Tale of two visitor agencies will likely continue [The Philadelphia Inquirer :: ]


(Philadelphia Inquirer (PA) Via Acquire Media NewsEdge) March 09--When it comes to selling itself, Philadelphia is a bit like Noah's Ark: it has two of everything.

There are two marketing agencies, two websites, and two slogans. There are two chief executives, two finance officers, two marketing staffs -- all taxpayer supported.

Which, for some, is one too many of everything.

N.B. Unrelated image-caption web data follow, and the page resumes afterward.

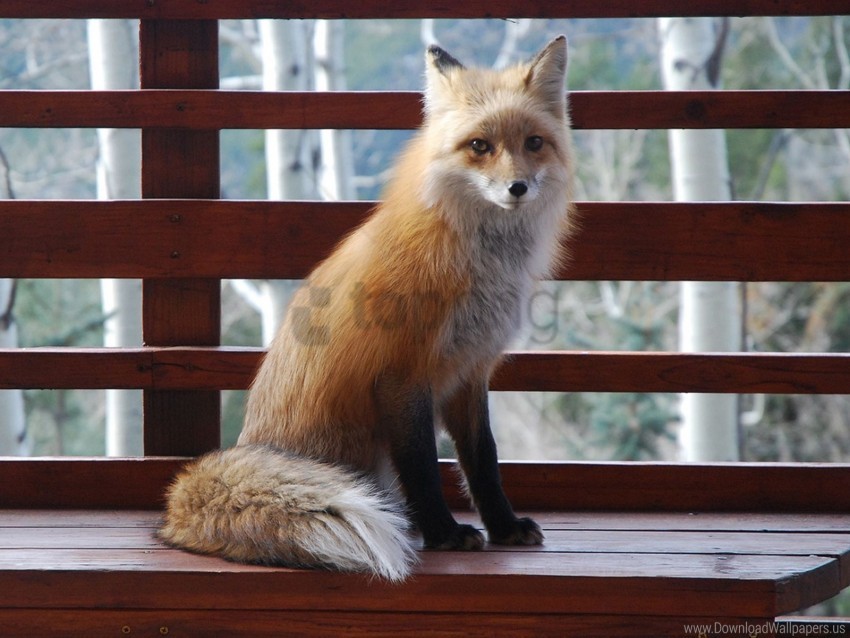 Animal Benches Fox Sitting Wallpaper PNG Transparent Background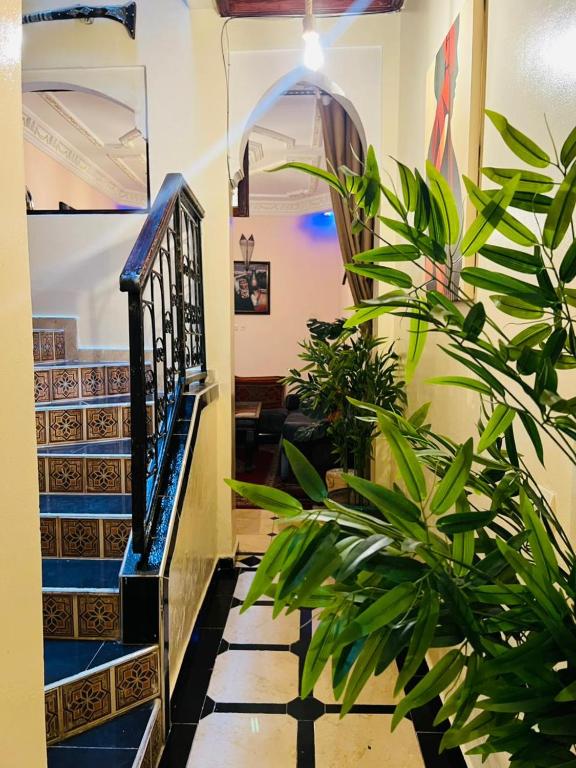 Riad MS holidays terrasse privatisé Marrakech — photo 2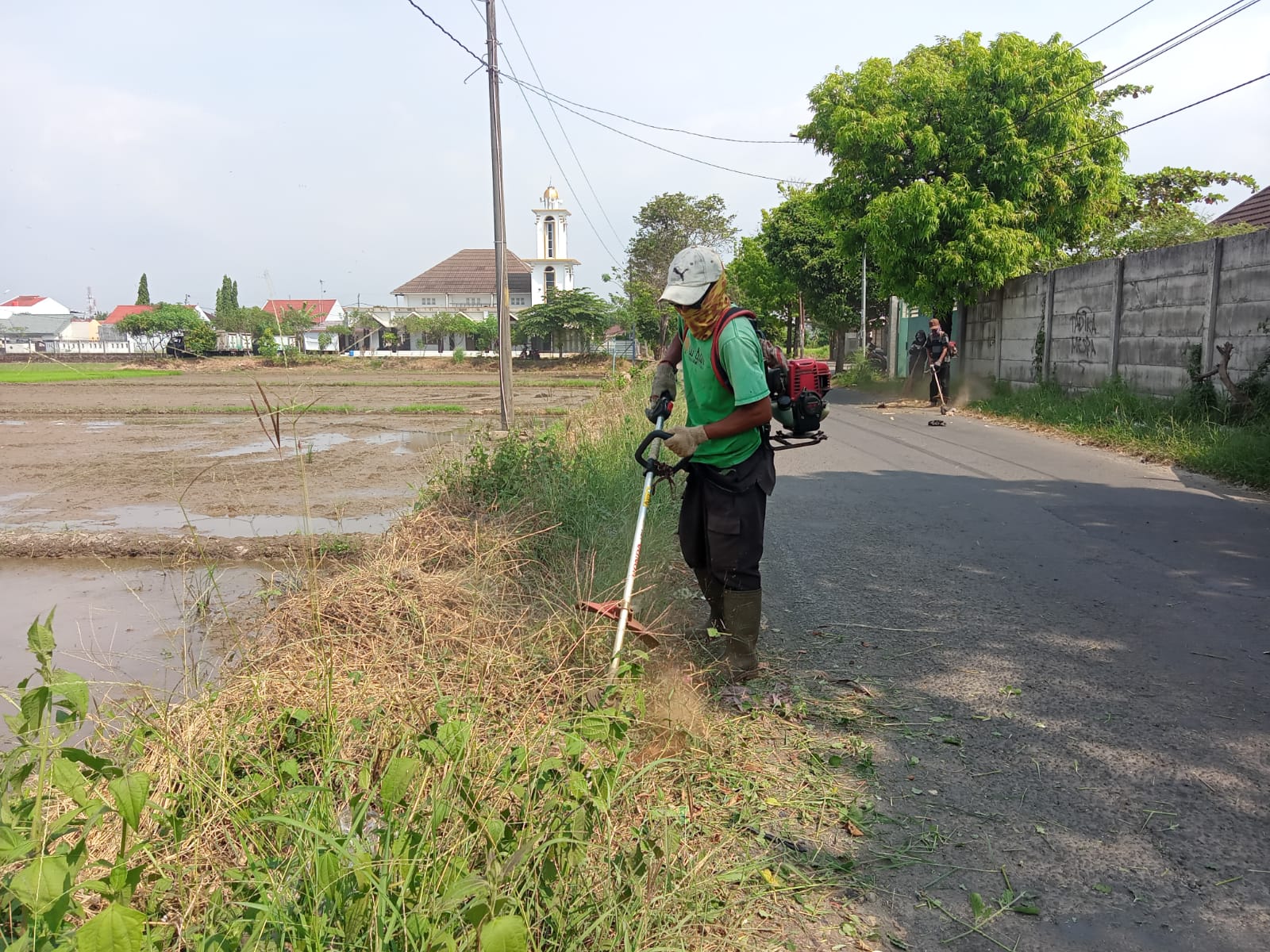 BABAT RUMPUT DI JALAN PATUMURA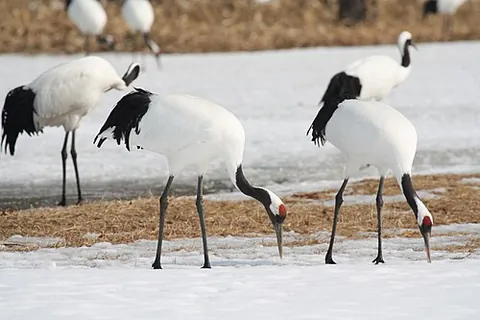 red-crowned crane: grus japonensis, a bird of the crane (Gruidae) family, native to East Asia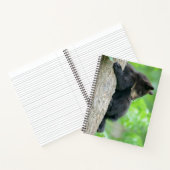 Cutest Baby Animals | Young Black Bear Cub ノートブック (内部)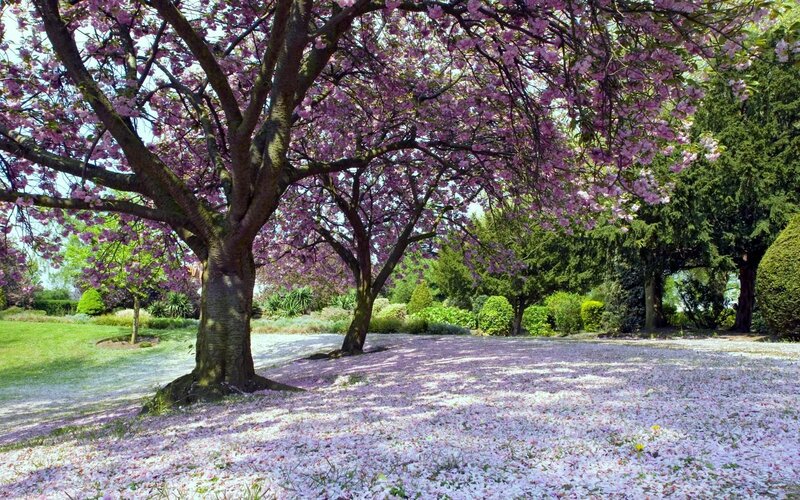 Cherry Blossom Tree — Pink, Serene, Spring, Photograph, Flower Petals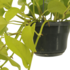 2X Epipremnum Golden Pothos  - Scindapsus - 25Cm - Ø15 2x Epipremnum Golden Pothos  - Scindapsus - 25cm - ø15_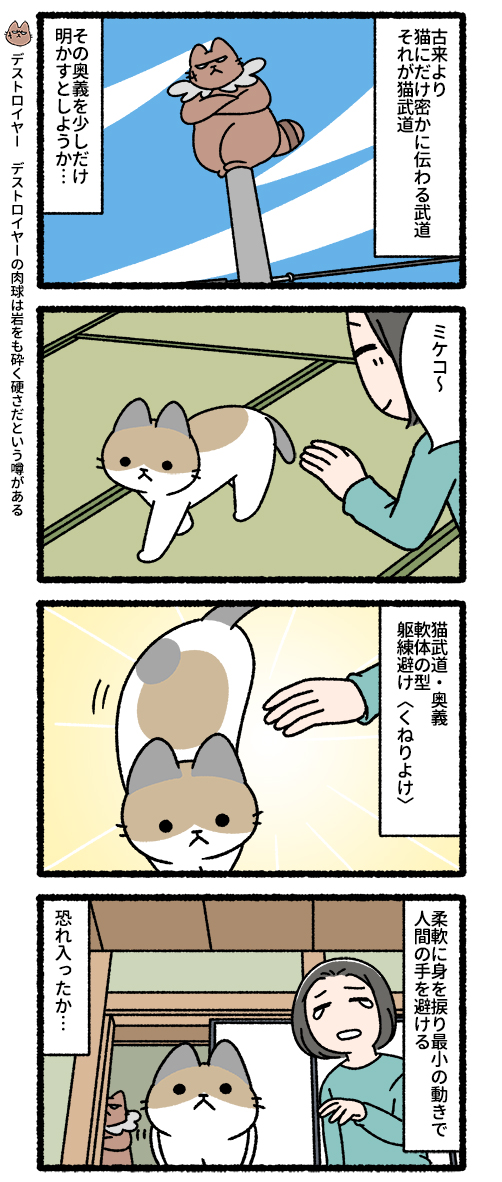 悪の秘密結社ネコ いざ極めん、猫武道!編 #悪の秘密結社ネコ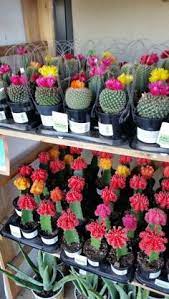 But i didn't do it. 23 My Floral Favs From My Department Sprouts Farmers Market Ideas Sprouts Farmers Market Bloom Floral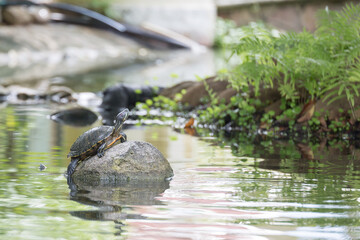 Turtles on a rock  in a rich natural swamp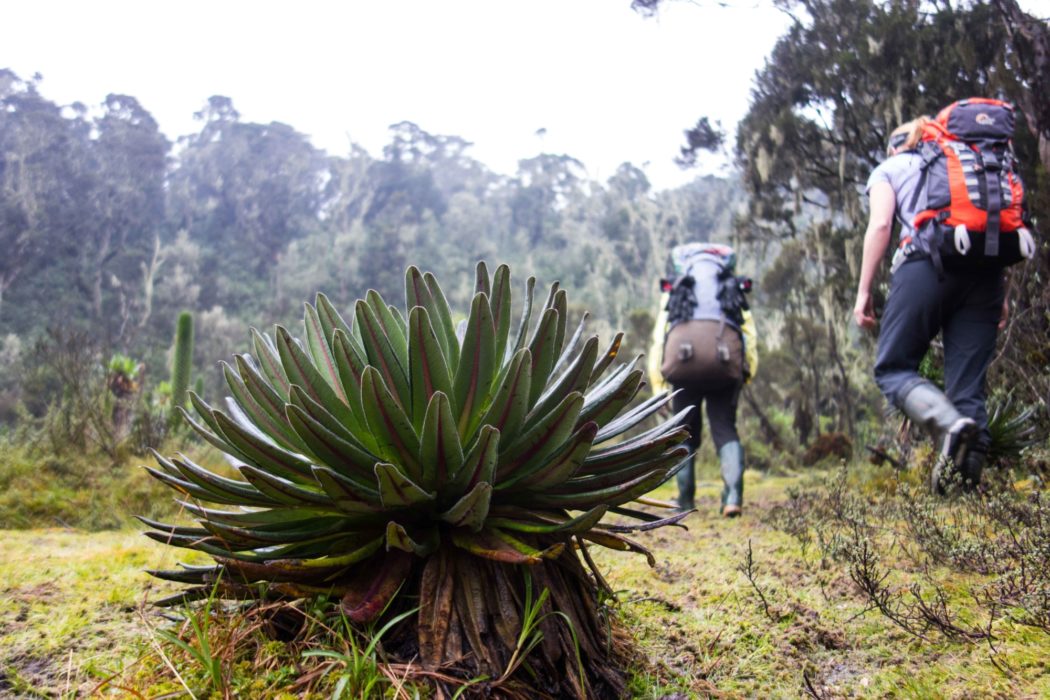 Entering the Heather Rapanea Zone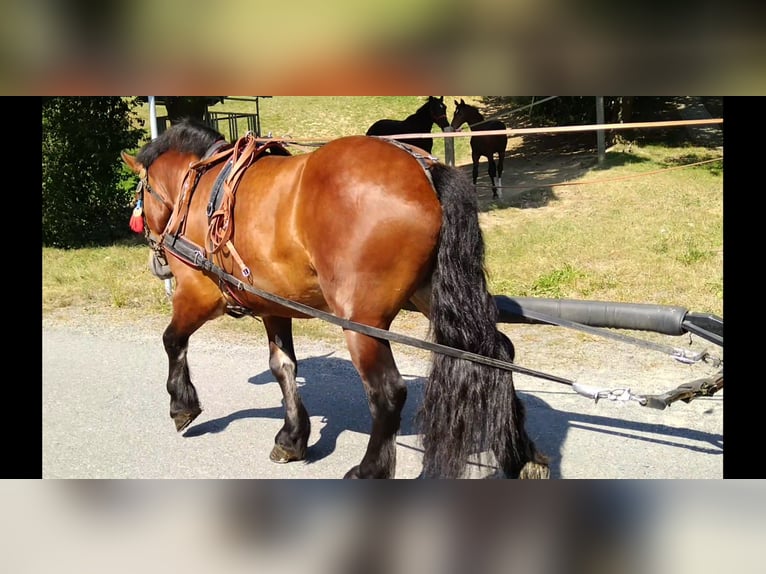 Autres chevaux de trait Hongre 4 Ans 160 cm Bai in Kamenz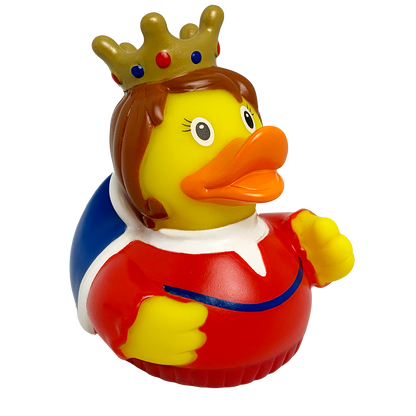 Queen duck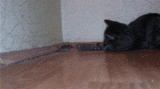 秒娱连珠：猫和老鼠是真爱！童话里都是骗人的
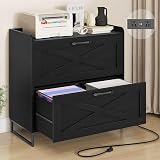 Halitaa Lateral File Cabinet with Charging Station, 2 Drawer File Cabinet for Letter/Legal/A4 Size Hanging Files, Large Wood File Storage Cabinets Printer Stand for Home Office, Black
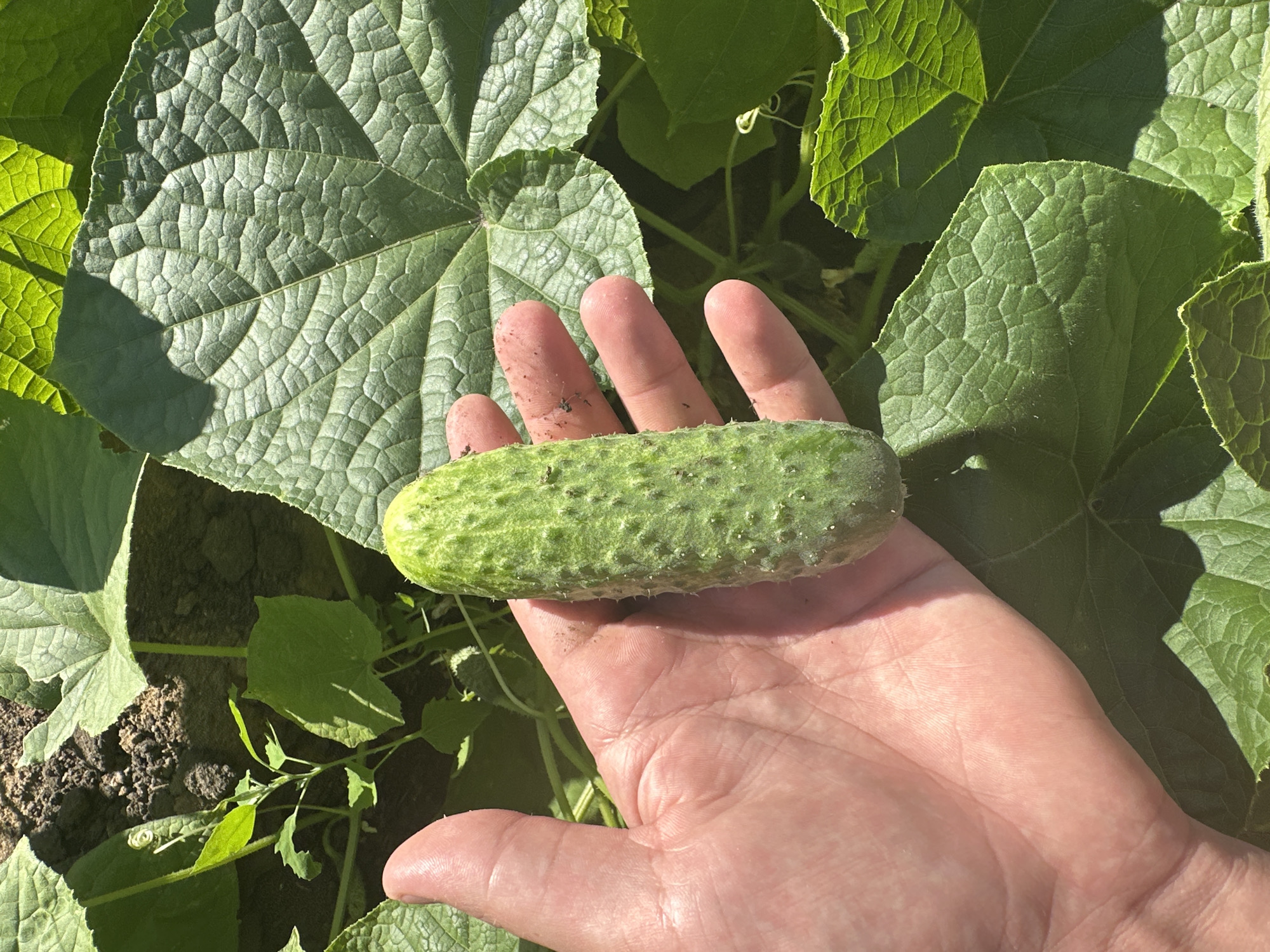 A person's hand is holding a small, bumpy cucumber in the foreground. The cucumber is green and appears to be newly picked. The hand is light-skinned and has some dirt on it, suggesting it was recently working in a garden. In the background, there are large green cucumber leaves, typical of a garden setting. The soil is dark and loamy. The image appears to have been taken outdoors in direct sunlight. There is no discernible indication of the location being within the city of Tobyl, Kazakhstan, or any other specific geographic area.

"We in the hotel community never truly understood it," said William Walsh, who managed the Philadelphia Marriott Downtown for 10 years. "We always asked if it would make more economic sense to combine talent and resources." Bill Gullan, president of Finch Brands, a local firm that counsels companies on how to brand themselves, is more pointed.



"The structure of our regional marketing apparatus is nonsensical," he wrote in a recent blog post, "and ultimately self-defeating." At issue are PHLCVB (Philadelphia Convention and Visitors Bureau), the marketing arm of the Pennsylvania Convention Center, and VisitPhiladelphia, a nonprofit created in 1996 at the urging of then-Mayor Ed Rendell, who thought more should be done to boost non-convention tourism.

PHLCVB is contractually answerable to the Convention Center. VisitPhiladelphia, formerly known as Greater Philadelphia Tourism and Marketing Corp., answers only to its board.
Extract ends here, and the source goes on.